Le second événement, la table ronde organisée dans le cadre du colloque des bibliothèques universitaires québécoises, comptait quatre invités : un enseignant-chercheur (Marc Couture, UQAM), une représentante des bibliothèques (Diane Sauvé, Université de Montréal), la directrice d’Érudit, Tanja Niemann, et le doyen de la recherche de l’École de Technologie Supérieure, Sylvain Cloutier. Cet atelier fut, à plusieurs égards, l’extension logique du séminaire Érudit/RCDR. Les interventions des quatre panélistes ont corroboré le besoin impératif d’une concertation des quatre instances qu’ils incarnaient.

Lors de cette table tonde, on a suggéré que l’élément clé de la nouvelle politique tripartite soit le chercheur. Or, le milieu de la recherche se profile plutôt comme un milieu conservateur. Messieurs Couture et Cloutier ont insisté sur les réticences des chercheurs québécois — à quelques exceptions près — à l’égard du libre accès. D’ailleurs, les données ouvertes (Open Data), en matière de recherche, suscitent des doutes quant à une éventuelle valeur ajoutée; la libre diffusion de ces données brutes ne ferait qu’inciter à la falsification. Ainsi a-t-on questionné cette relative réticence des chercheurs face au contexte de renouveau. Tout d’abord, on a suggéré que le chercheur ne maîtriserait pas nécessairement toutes les facettes du libre accès, notamment en matière de propriété intellectuelle : les notions de licences libres, de pré et post-publication ne sont pas familières à tous les auteurs. Ensuite, le nombre réduit de revues locales en libre accès ne fait que limiter le choix du chercheur. Ce dernier doit filtrer soigneusement ses options avant de soumettre un manuscrit. De la même manière, nous apprenions de cette table ronde que les revues qui emploient des licences Creative Commons et qui concèdent l’autoarchivage sont peu nombreuses au Québec.
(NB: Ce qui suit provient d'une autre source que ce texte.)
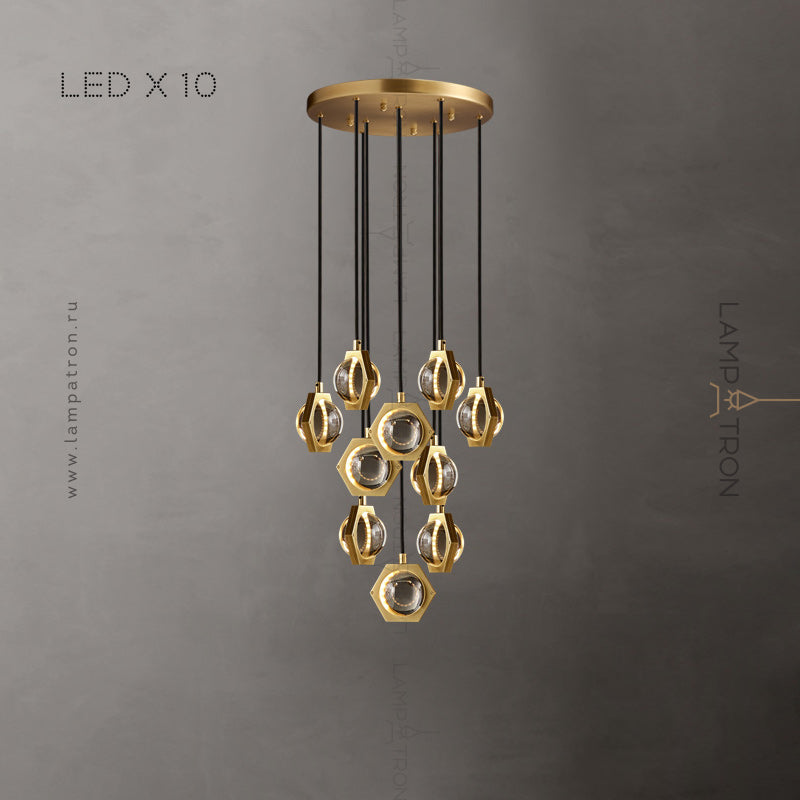 AVANT MORE Cascade lighting fixtures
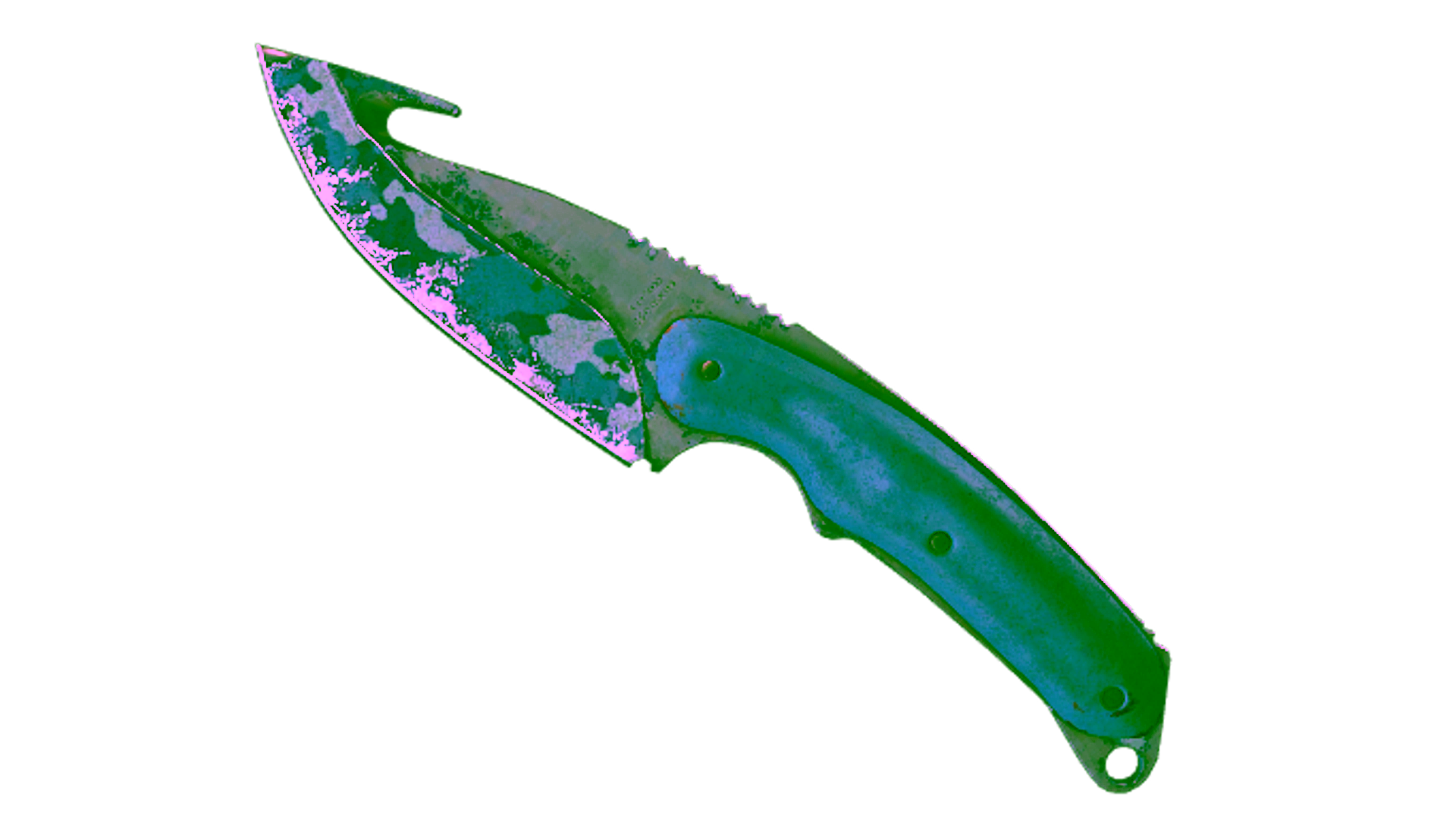 Display for ★ StatTrak™ Gut Knife | Bright Water (Battle-Scarred)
Pis encore, dit le professeur Couture, les droits et permissions octroyés par ces publications, si tant est qu’elles en accordent, ne sont généralement pas disponibles pour consultation avant la réception du contrat de publication. Enfin, il a également été question de l’appréciation du rendement des chercheurs dans les universités : les chercheurs ne seraient pas évalués ou embauchés en fonction de la qualité de leurs écrits, mais en fonction de la revue dans laquelle ils publient. Pour illustrer ce propos, Sylvain Cloutier a fait appel à un cas de figure : un jeune chercheur ayant publié dix articles en libre accès verra-t-il sa candidature acceptée par un comité de sélection académique devant celle d’un confrère plus expérimenté dont le curriculum arbore deux articles parus dans Nature? On ne l’a pas caché, le débat serait ardu, la décision déchirante.

Ces deux événements ont eu le mérite de mobiliser les acteurs de la publication scientifique autour des enjeux du libre accès. De nombreux défis émergent, notamment celui d’un arrimage cohérent entre les nouveaux modes de diffusion de la connaissance scientifique, ses contextes de production et les modèles économiques qui les sous-tendent.